Top of Material provided

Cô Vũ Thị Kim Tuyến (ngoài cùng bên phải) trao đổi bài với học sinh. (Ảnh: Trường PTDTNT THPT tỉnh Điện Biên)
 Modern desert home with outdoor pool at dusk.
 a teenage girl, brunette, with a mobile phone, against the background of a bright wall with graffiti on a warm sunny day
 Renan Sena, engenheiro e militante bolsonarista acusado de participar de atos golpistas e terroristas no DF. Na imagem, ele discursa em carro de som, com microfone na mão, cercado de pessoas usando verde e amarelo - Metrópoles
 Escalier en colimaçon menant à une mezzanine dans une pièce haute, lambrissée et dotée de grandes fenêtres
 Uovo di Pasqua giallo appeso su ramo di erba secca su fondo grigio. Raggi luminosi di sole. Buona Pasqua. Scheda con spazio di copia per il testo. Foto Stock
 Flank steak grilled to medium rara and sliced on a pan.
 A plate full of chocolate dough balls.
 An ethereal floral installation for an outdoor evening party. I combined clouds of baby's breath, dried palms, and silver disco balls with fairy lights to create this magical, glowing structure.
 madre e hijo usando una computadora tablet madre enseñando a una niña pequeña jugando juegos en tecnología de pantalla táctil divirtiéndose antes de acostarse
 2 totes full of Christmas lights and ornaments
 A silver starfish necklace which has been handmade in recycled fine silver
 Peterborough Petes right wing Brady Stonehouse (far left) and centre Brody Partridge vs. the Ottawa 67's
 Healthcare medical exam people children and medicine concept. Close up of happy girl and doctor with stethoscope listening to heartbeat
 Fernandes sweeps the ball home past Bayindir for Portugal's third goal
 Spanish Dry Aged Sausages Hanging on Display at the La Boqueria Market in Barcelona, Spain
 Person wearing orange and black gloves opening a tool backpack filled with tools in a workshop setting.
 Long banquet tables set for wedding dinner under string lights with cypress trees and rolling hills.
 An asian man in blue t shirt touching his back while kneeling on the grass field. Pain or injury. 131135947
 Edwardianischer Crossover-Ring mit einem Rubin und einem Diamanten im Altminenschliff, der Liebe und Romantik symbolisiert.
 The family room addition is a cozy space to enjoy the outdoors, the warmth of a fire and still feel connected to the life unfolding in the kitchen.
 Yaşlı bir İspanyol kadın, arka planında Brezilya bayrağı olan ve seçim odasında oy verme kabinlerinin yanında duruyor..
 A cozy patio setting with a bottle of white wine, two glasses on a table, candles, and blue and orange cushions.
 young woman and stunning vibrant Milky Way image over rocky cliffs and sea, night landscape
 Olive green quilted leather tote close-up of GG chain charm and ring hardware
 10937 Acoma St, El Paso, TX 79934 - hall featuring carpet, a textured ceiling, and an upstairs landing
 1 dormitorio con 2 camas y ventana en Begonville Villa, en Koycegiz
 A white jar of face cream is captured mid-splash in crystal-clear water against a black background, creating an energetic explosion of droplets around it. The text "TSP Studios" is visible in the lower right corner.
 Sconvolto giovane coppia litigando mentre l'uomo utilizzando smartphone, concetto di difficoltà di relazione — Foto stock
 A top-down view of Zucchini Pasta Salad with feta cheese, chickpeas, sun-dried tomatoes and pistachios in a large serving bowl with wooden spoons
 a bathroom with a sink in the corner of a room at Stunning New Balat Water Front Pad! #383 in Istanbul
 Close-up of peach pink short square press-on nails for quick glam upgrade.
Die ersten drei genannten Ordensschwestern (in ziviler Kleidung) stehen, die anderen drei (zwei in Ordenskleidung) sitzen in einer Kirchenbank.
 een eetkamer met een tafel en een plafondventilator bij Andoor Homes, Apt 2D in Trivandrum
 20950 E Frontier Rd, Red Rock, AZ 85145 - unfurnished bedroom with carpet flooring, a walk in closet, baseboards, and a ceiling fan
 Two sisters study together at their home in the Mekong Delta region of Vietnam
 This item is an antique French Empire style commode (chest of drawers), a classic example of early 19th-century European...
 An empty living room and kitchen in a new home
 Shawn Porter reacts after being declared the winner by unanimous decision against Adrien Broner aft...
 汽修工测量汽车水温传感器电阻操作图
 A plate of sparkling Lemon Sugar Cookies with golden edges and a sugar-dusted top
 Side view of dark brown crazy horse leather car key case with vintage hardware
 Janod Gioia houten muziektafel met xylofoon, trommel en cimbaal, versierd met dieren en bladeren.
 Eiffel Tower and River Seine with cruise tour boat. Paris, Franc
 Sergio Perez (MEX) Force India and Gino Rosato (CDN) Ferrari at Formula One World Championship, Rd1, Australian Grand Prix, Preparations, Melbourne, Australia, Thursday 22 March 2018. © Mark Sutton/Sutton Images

Bottom of Material provided

> _Your goal_
Verbatim output is expected for the lines from the start of the data to the line in which "Peterborough Petes right" appears, both included.

> _Result of this exercise_
Cô Vũ Thị Kim Tuyến (ngoài cùng bên phải) trao đổi bài với học sinh. (Ảnh: Trường PTDTNT THPT tỉnh Điện Biên)
 Modern desert home with outdoor pool at dusk.
 a teenage girl, brunette, with a mobile phone, against the background of a bright wall with graffiti on a warm sunny day
 Renan Sena, engenheiro e militante bolsonarista acusado de participar de atos golpistas e terroristas no DF. Na imagem, ele discursa em carro de som, com microfone na mão, cercado de pessoas usando verde e amarelo - Metrópoles
 Escalier en colimaçon menant à une mezzanine dans une pièce haute, lambrissée et dotée de grandes fenêtres
 Uovo di Pasqua giallo appeso su ramo di erba secca su fondo grigio. Raggi luminosi di sole. Buona Pasqua. Scheda con spazio di copia per il testo. Foto Stock
 Flank steak grilled to medium rara and sliced on a pan.
 A plate full of chocolate dough balls.
 An ethereal floral installation for an outdoor evening party. I combined clouds of baby's breath, dried palms, and silver disco balls with fairy lights to create this magical, glowing structure.
 madre e hijo usando una computadora tablet madre enseñando a una niña pequeña jugando juegos en tecnología de pantalla táctil divirtiéndose antes de acostarse
 2 totes full of Christmas lights and ornaments
 A silver starfish necklace which has been handmade in recycled fine silver
 Peterborough Petes right wing Brady Stonehouse (far left) and centre Brody Partridge vs. the Ottawa 67's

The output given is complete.